Don't dismiss them. They are very useful.
Harry
******************************
Henry George School of Los Angeles
Box 655 Tujunga CA 91042
(818) 352-4141
******************************
From: Sandwichman [mailto:[email protected]]
Sent: Friday, December 24, 2010 9:36 AM
To: Keith Hudson; RE-DESIGNING WORK, INCOME DISTRIBUTION, EDUCATION
Cc: Arthur Cordell; [email protected]
<mailto:[email protected]>
Subject: Re: [Futurework] A Robot Stole My Job
Economics can provide useful tools for thinking about issues but
those tools can also be misused and transformed into ready-made
answers that enable us to avoid thinking about issues.

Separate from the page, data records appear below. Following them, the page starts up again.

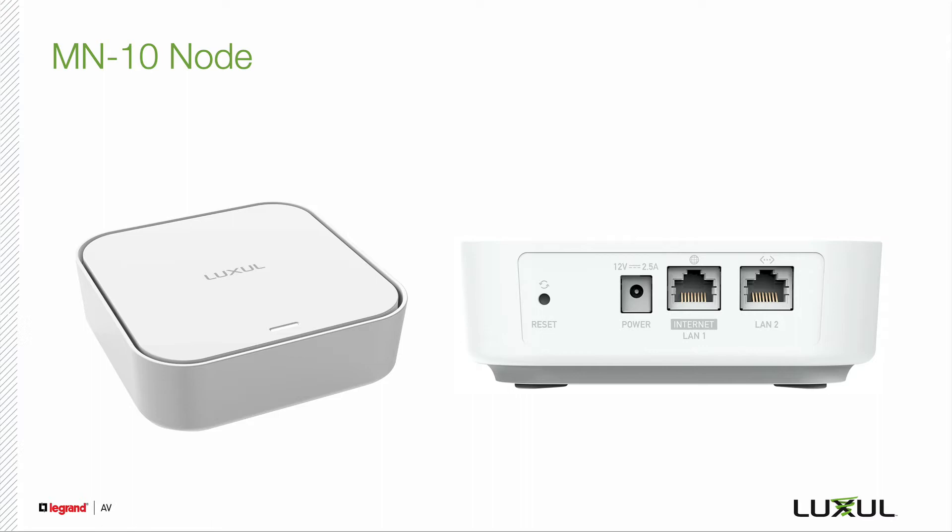For connectivity to the network you can either use ethernet or wireless. If you have ethernet to the location where you're going to place the node, we highly recommend using ethernet as the connection. In this case either port on the back of the remote node can be used.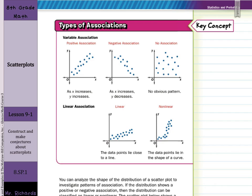Now we get to types of association. A positive association, just like a positive slope: as our X increases, our Y increases. As our X increases and our Y decreases, this is negative association. And if the points are all scattered everywhere, that would be no association. For linear versus nonlinear association: if the data points lie close to a line, that's linear. But when you have a curve, that would be nonlinear.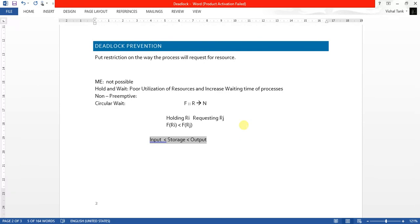There is a problem of poor utilization of resources here — the same disadvantage as the hold and wait condition. Suppose a process is holding an output device and looking for an input device; it cannot send a request to the input device no matter whether the input device is free or not. So until the job of the output resource is done, we cannot use the input device — leading to poor resource utilization in this deadlock prevention technique.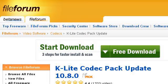Our top-ranked site to learn about how to update the K-Lite Codec Pack is fileforum.betnews.com. See the page titled 'K-Lite Codec Pack Update Free Download and Reviews.' Here's the link.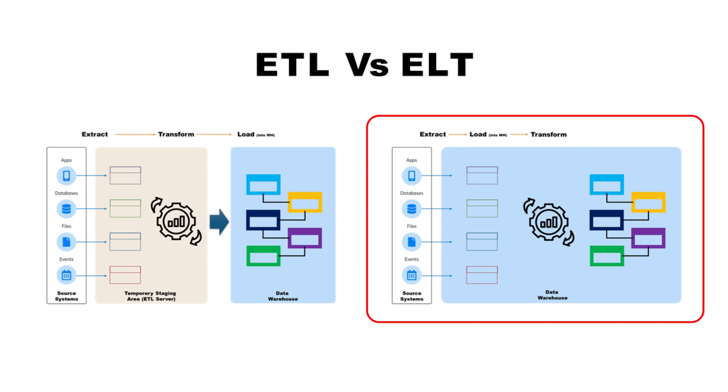First, it simplifies data integration between systems. Loading is completely decoupled from transformations, so building and maintaining data pipelines is much easier. Pipelines are less likely to fail, and even if a transformation fails, the loading part can continue running without interruptions.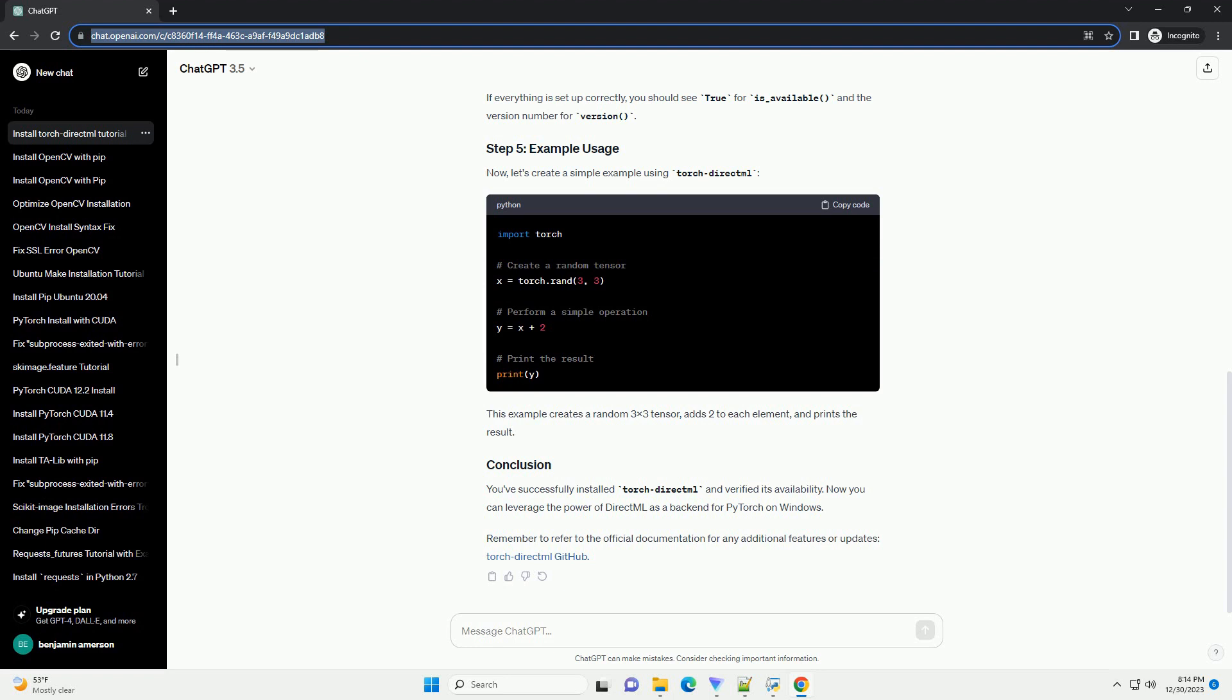Create a simple script or use an interactive Python shell. If everything is set up correctly, you should see true for is_available, and the version number for version.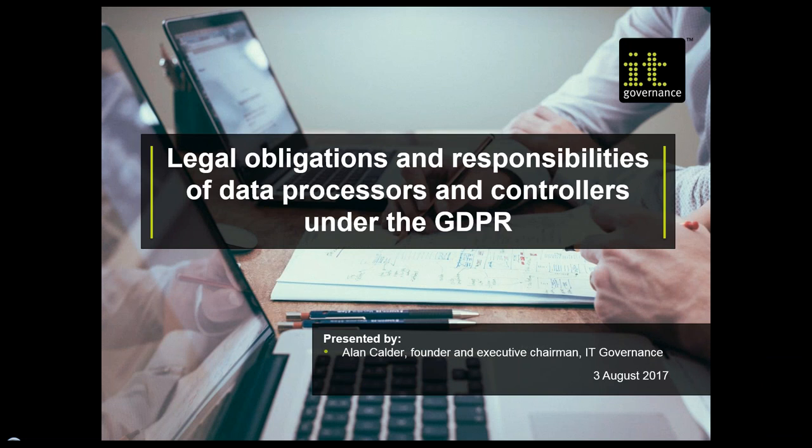Good afternoon, ladies and gentlemen, and welcome to today's webinar on GDPR. I'm Alan Calder, your host for the next hour in which we're going to be looking at the legal obligations and responsibilities on data processors and controllers as set by the General Data Protection Regulation.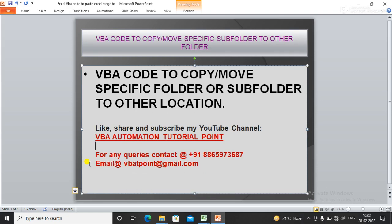Hello everyone, welcome to my YouTube channel VBA Automation Tutorial Point. If you are new to this channel, please like, share and subscribe to get updated videos. In this video we will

One of the
tell-tale danger signs that this is happening is when an
analytical perspective gets reduced to an aphorism and the
aphorism becomes an article of faith. "People's desires are
insatiable." "Automation creates more jobs than it destroys."
"The amount of work is not fixed."
People's desires are indeed "insatiable" but not necessarily for
things produced and traded in the market. To a certain extent,
material goods can be substituted for spiritual desires. For
example, war can be substituted for piety. But those
substitutions are often pathological. There is indeed a limit to
how much we can poison ourselves. Death.
Automation creates more jobs... perhaps. but to paraphrase H.L.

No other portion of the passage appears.